Many men also have a social network but it may be difficult to
handle painful matters in this circle. It is not easy to talk about
infertility, but nowadays infertility is such a common problem that
there may be surprising revelations even within the closest circle
of friends when one has the courage to discuss the problem openly.
Male infertility is often closely related to questions of masculinity.
What kind of a man am I? What is my sperm like? On the other hand,
there may be concern over the well-being of the spouse, as most
parts of the medical examinations and treatment are usually done
to the woman. Participation with appointments and awareness of the
fact that the treatment will begin and the situation will move forward
often help.
Infertility and the couple
Infertility creates changes in the relationship of the couple.
The couple may experience feelings of anger and guilt, but at the
same time the shared sorrow and hope may bring about closeness.
Surviving an infertility crisis may further enhance the commitment
and closeness of the couple. The experience has become a shared
experience. Many couples have felt that they have been able to discuss
matters that have been difficult to address previously, but which
still "have always existed". Sometimes talking about one's
feelings with the partner does not seem to be sufficient. Talking
to friends and relatives about feelings caused by infertility may
help but it is not always possible. Discussions with the staff at
the infertility clinic alleviate the situation and help to give
it a new perspective.
Infertility may be strongly associated with "making babies",
fertility being an important expression of sexuality. This means
that sexuality, which is everyone's own personal, intimate matter
becomes some kind of an object of attention. Questions related to
maternity and paternity are raised. Sexual intercourse, which is
part of one's sexuality may become a scheduled routine, which is
determined according to the best time for conception. There are,
however, many sides to sexuality, which can be also strengthened
during infertility examinations and treatments. Intercourse also
serves different meanings.
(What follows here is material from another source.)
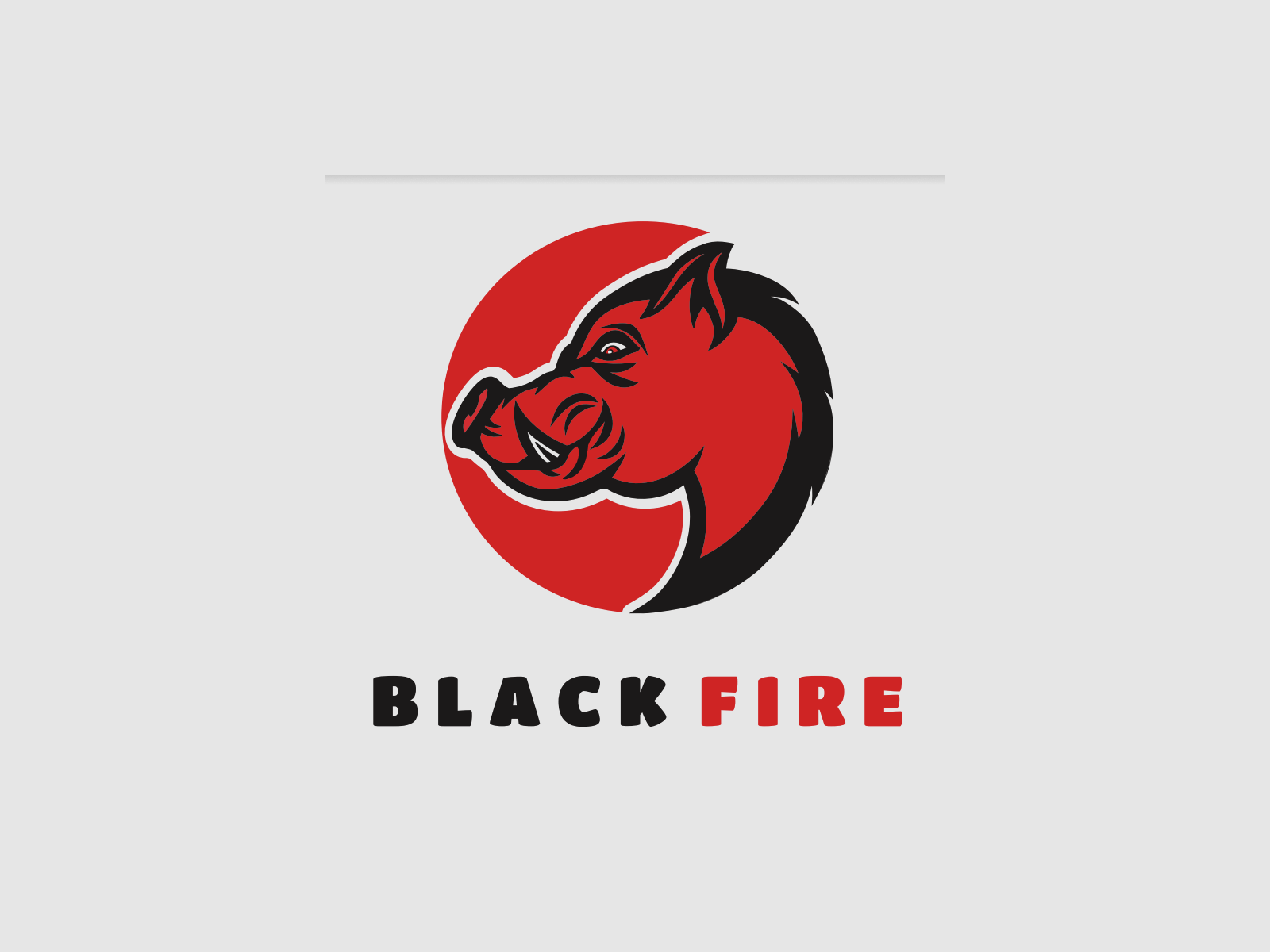 BLACK FIRE Original Buchenholzteer als Box 6x0,5 Liter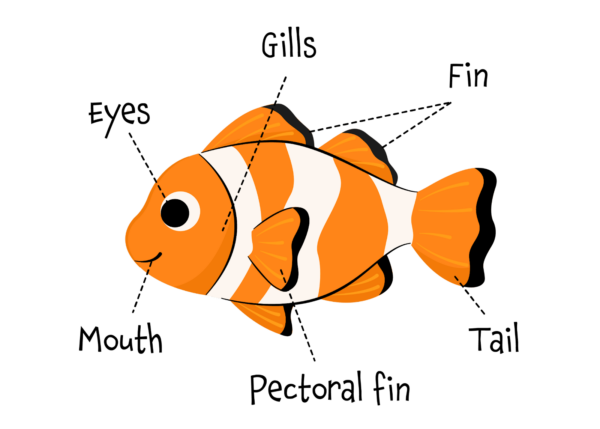 Great Fishes! - Image 2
Intercourse which is timed with a viable
conception time aims at solving the problem of infertility. Sexuality,
on the other hand, is directly linked with pleasure and does not
necessarily need to serve a purpose, as such. Discovering and preserving
romance, sexuality and even humour also during infertility treatment
enhances the well-being of both partners. The situation may be improved
by an awareness of the fact that this is a stage in life that the
couple is going through together and the difficult, strenuous situation
will eventually be solved, one way or another. Life goes on during
the treatment periods and after them. As a result of the treatment,
there may be a new addition, a baby, to the family. It is always
worthwhile making an effort in a relationship. Sharing emotions
may at best open whole new dimensions of knowledge about one's partner
and improve the well-being of both the relationship and the individual
in question.
Lapsettomien Tuki ry is a support organisation for childless couples
in Finland. This organisation offers, for instance, discussion groups.